The only thing that made the summer of 1970 bearable was the Woodstock Soundtrack. But everyone wondered what was next, and had the troubling feeling it couldn’t possibly be as good. Except for the Led Zeppelin fans, who already thought they were better than the Beatles. )I swear. Ask my childhood friends Joe and Mike.)
The trouble was if you just assumed things were going to be bad you were bound to miss a lot. And a problem with the sixties was that you could point to five or ten key artists who made 75% of the great records. With the seventies, the quality was more evenly spread, which made it harder to find, let alone agree on.

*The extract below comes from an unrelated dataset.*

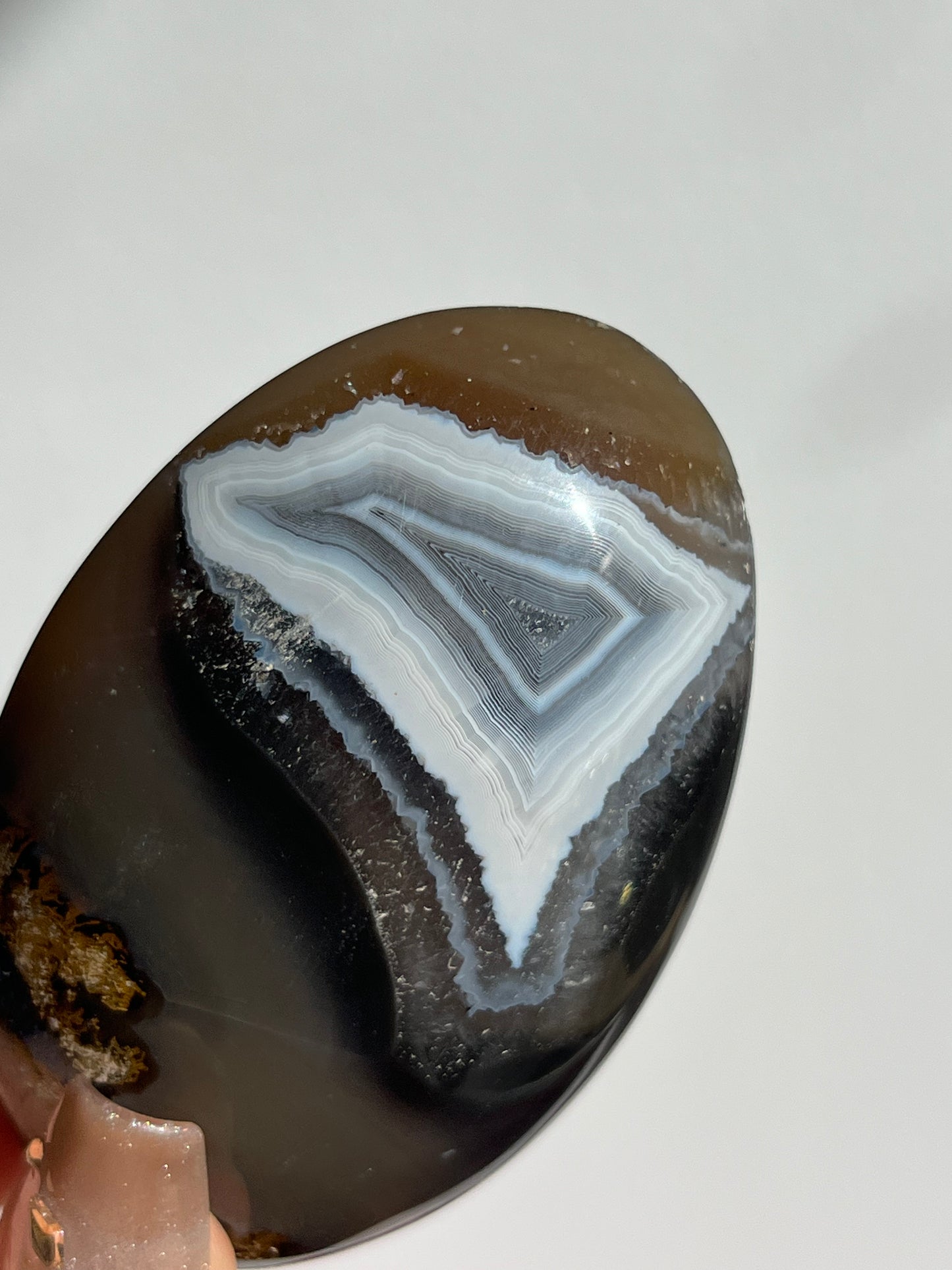 East Indonesian Agate Palmstone with Parallax Effect C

So it was no wonder we started breaking up into our little groups of taste like glam, Southern rock, singer-songwriter, heavy metal, etc. And black artists? Forget about it. They were exiled to AM radio.
And yet, there are probably a lot more great albums made in the seventies than the sixties, at least if you leave out jazz. Let’s face it, good pop albums didn’t really start getting made until 1964, and then only by the Beatles, Stones and Dylan. Everyone else didn’t get into the swing of things until about 1966, which may be my all time favorite year for music (67-69 wasn’t too shabby, either, as I recall).

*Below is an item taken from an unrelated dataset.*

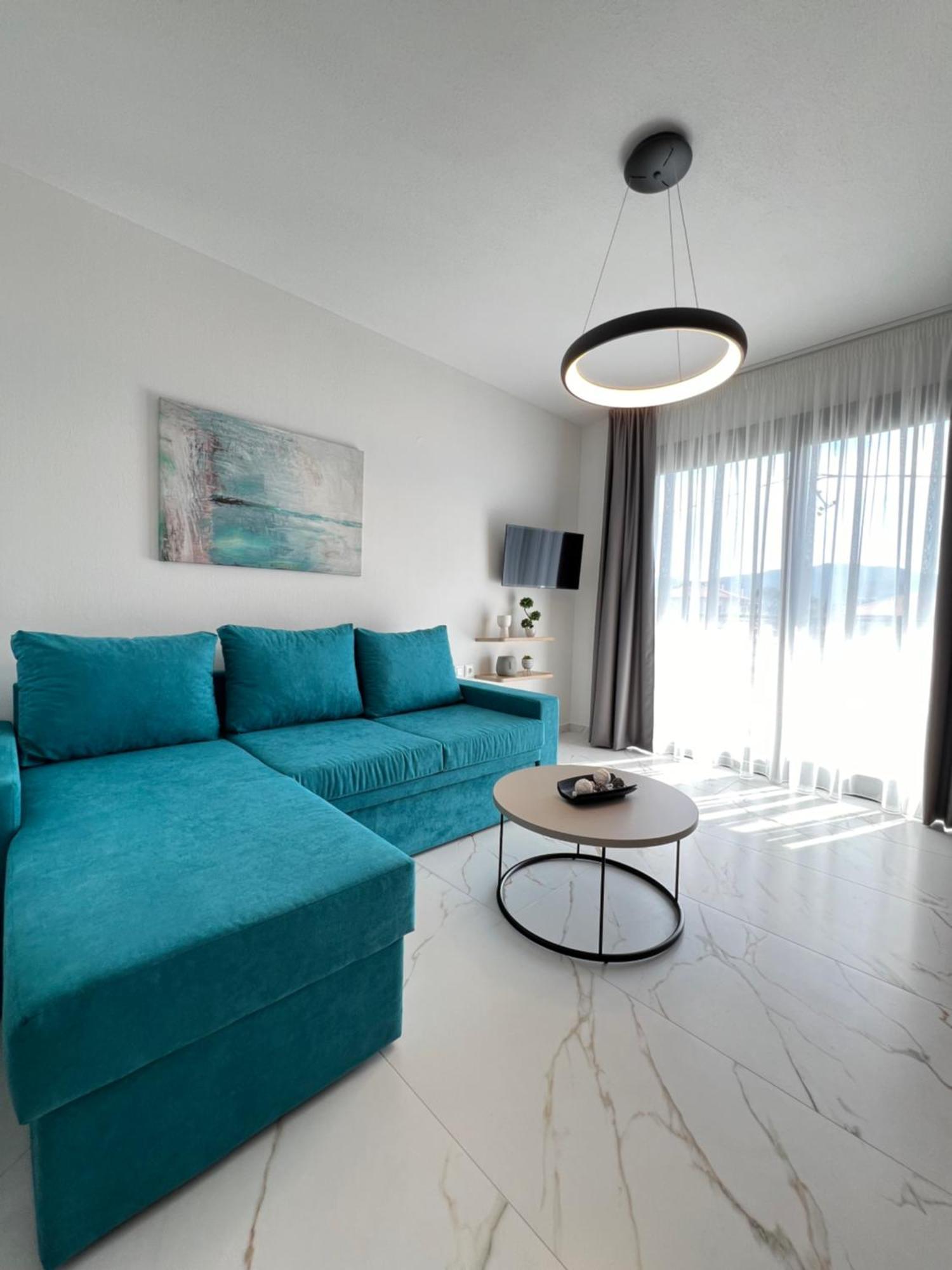 Four Shades Luxury Suites Sarti Zewnętrze zdjęcie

By 1974, I knew there were great things out there because by then I had a job, and spent all the money on collecting albums. First, there were the key sixties albums I needed to catch up with, like Blonde on Blonde but mostly it was seventies music. I was no longer looking for the “next Beatles”. I was just looking for good music wherever I could find it.

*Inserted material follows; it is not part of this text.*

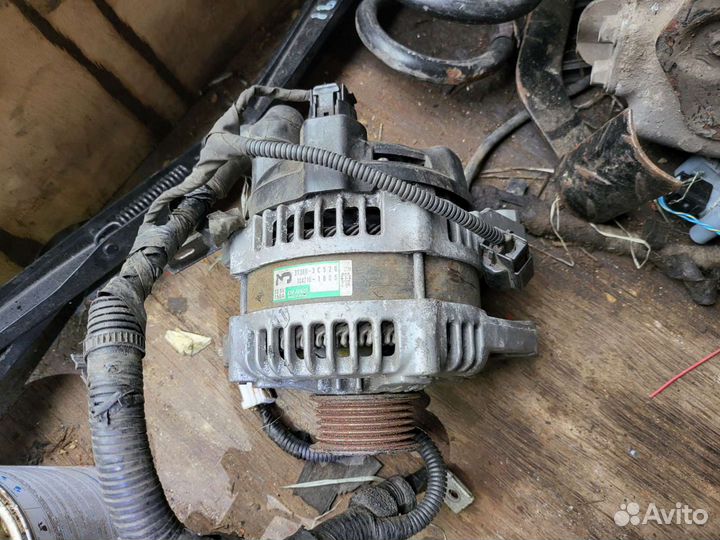 Мало б.у генератор Equus Hyundai Quoris Kia 2014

And now, when I’m feeling I’m not connecting with new music, I can always go back to the sixties and seventies for some relief. The sixties for brilliant meteors scraping the summer sky and the seventies for bright and cool autumn sunshine.
And it’s been working out pretty well, with the Kinks, Fairport Convention and Roxy Music. I had some making up to do since it was the British stuff I tended to miss at the time. But, hey, why not an American artist?
Leon Russell (1970)
You remember Leon, don’t you?
Friends with Joe Cocker, highlight of the Bangla Desh concert, co-writer of “Superstar”, member/leader of Mad Dogs and Englishmen, which overlapped with the Delaney/Bonnie/Clapton nexus that together made about a dozen albums together at the time, including this one.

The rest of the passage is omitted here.